Nel concreto però accade che l’affermazione della coscienza liberale diventa lo strumento della coscienza totalitaria. Quella che Newman chiama la «prerogativa di ogni inglese, di essere cioè padrone di se stesso in ogni cosa, di professare quello che gli piace senza dover avere il beneplacito di chicchessia», non è il baluardo contro il totalitarismo, ma è una sua forma.

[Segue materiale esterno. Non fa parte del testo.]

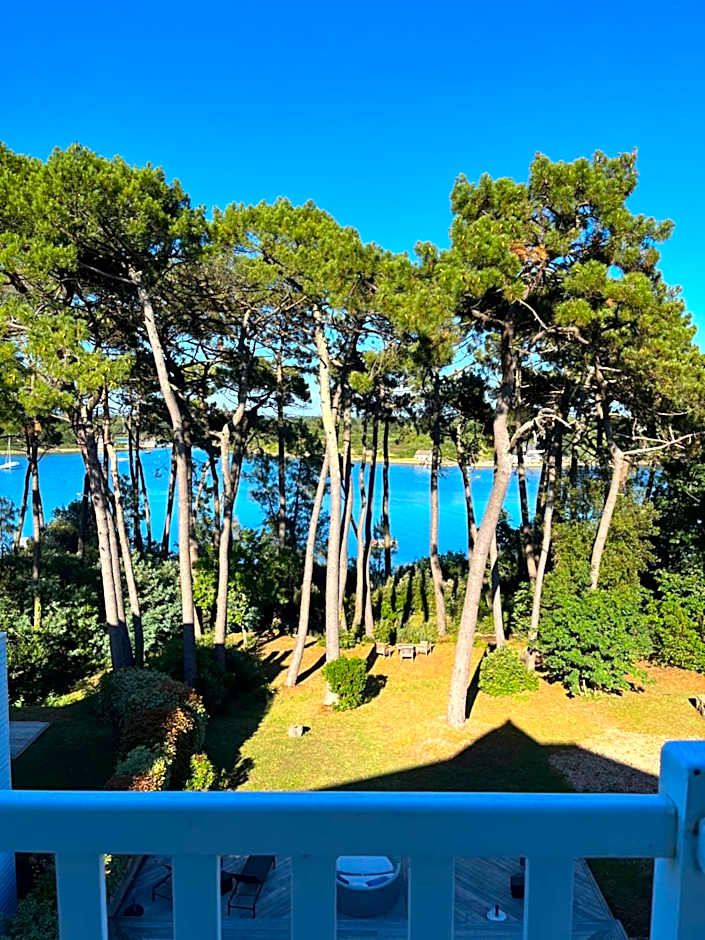 La Villa Bel Ange Hotel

Svincolata dal vero e dal bene, dal dovere di cercare la voce di Dio, la coscienza, data la sua condizione di fragilità, diviene con grande facilità preda del “pensiero unico”. La coscienza abilmente deformata, nella logica dell’autoreferenzialità - non obbedire a nessuno, se non a se stessi! - diviene così il più micidiale mezzo di chi impone la coscienza totalitaria. Micidiale, perché non permette di avvertire tensione tra la coscienza totalitaria e la coscienza individuale, ma porta gli uomini a divenire schiavi, mentre credono con fierezza di obbedire solo a se stessi.
È sufficiente un’abile e pervasiva comunicazione, e il “diritto della coscienza” diviene così la via per la cessazione dei veri diritti. Dimenticando che «la coscienza ha diritti perché ha doveri», ignorando «il Legislatore e Giudice», rivendicando l’indipendenza dagli «obblighi che non si vedono», accade che il diritto e la libertà della coscienza finiscono con lo «sbarazzarsi della coscienza».